ガチャン……「凶賊の言葉なぞ聞かん!どうせ見逃す気も有るまい!」(ふん、凶賊め!)


 隣の巨漢のオルソンは兄貴分のジルの頼もしい姿を見つつ愛用する草臥れた木こりの大斧を肩に担ぎました。


コツコツ……「そうだな、お前らの言う事を聞く気は無いな」


(ここは通さん!)


「ふん!後悔する事になるぞ?良いのか?」


「さて、嫌だと言ったらどうするね?貴様が悪名高い赤狼団のゼノアとか言う盗賊頭か。四の五の言わずに掛かってこい!」


 ベテラン傭兵のジルはボスのゼノアと思われる人物に応えました。


「クックック……お前ら、ほんと後悔するぞ? 仕方ない。やれ!」(ちっ、めんどくせぇ奴等だぜ……)
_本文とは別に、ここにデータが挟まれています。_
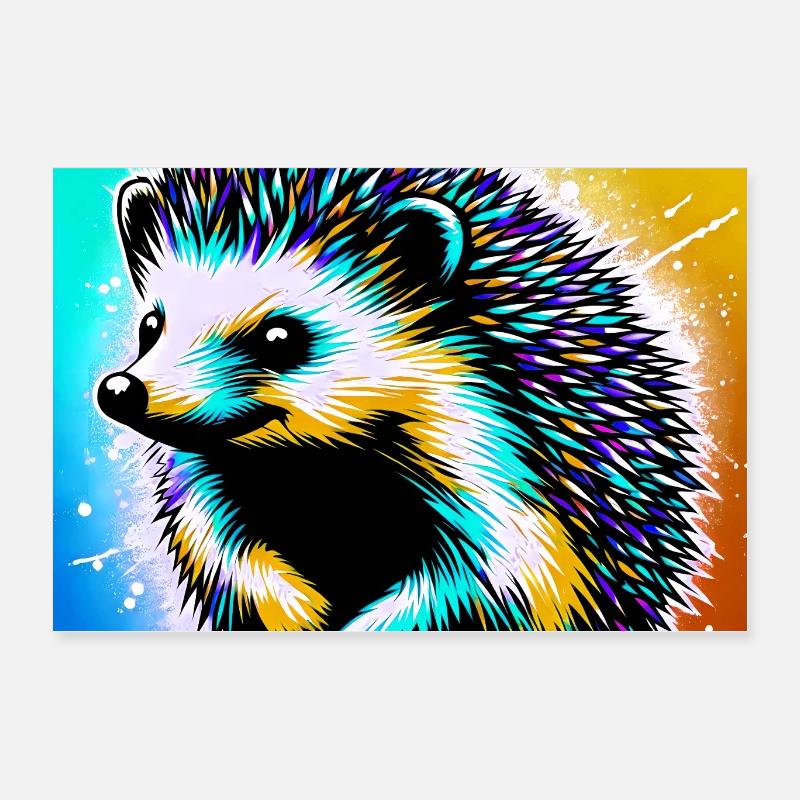 Igel Poster 60x40 cm
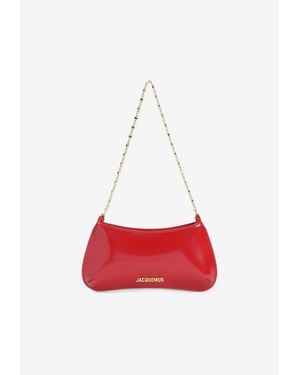 Jacquemus Le Petit Bisou Chaine Shoulder Bag - Red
 赤狼団の盗賊達のボスであるゼノアは心底面倒臭そうに盗賊達に指示を出し、盗賊達は火の着いた松明と油瓶を次々と名もない小さな村の北門に投げつけ始めました。


 「おうよ!」 ビュン! バリン!

 「そらよ!」 ビュン! バリン!

 「おらおら! 喰らいな!」 ビュン! バリン!


ボォオオオオオ―! ボォオオオオオーー!


 いきなり門に焼き討ちされるとは思っていなかった二人は赤狼団の行動に唖然とします。


 普通に考えれば名もない村から色々な物資や食料などを奪ってから焼き払うならば意味はありますが、物を奪う前に焼き討ちしてしまえば得る物は無いのです。


 もはや、完全に頭が狂っているとしか思えない暴挙、しかしそれが赤狼団が凶賊と呼ばれる所以でありました。


「てめぇら!村を焼き払って何がしたいんだ!」

「やめろ!やめんか!」


「ひゃはははは!おー、もっと燃やしてやれや!」

「うっす!」 ビュン! バリン!

「ほれほれ!」 ビュン! バリン!

「こんがり焼けな!」ビュン!バリン!


ボォオオオオオー! ボォオオオオオー!

ボォオオオオオオオオオオオオオオーーーーー!!


「やめろーーーー!!」

「バカヤローーーー!!」

「うそ、バスカルさん、門が」

「アリシア、あれが盗賊だ。良く見ておけ」


 ジルとオルソンの叫びも虚しく盗賊達は門に松明や油瓶を投げつけ続けました。


ボォオオオオオオオオオオオオオオーーーーー!!


「くそ、いきなり焼き討ちかよ!」

「奴等は馬鹿か!」


ボッ! ボボボボボ……ジュッ! 「あちっ!?」

ジュッ! 「くぅ……不味いなこれは……」


 村の門は炎に包まれ、退路を失った木こりのオルソンとベテラン傭兵のジルは軽い火傷を負います。


「ひゃはははは!囲め!」


 その瞬間を逃さず盗賊達が二人に襲い掛かり、二人を囲むように半円形に盗賊達は近付いてきました。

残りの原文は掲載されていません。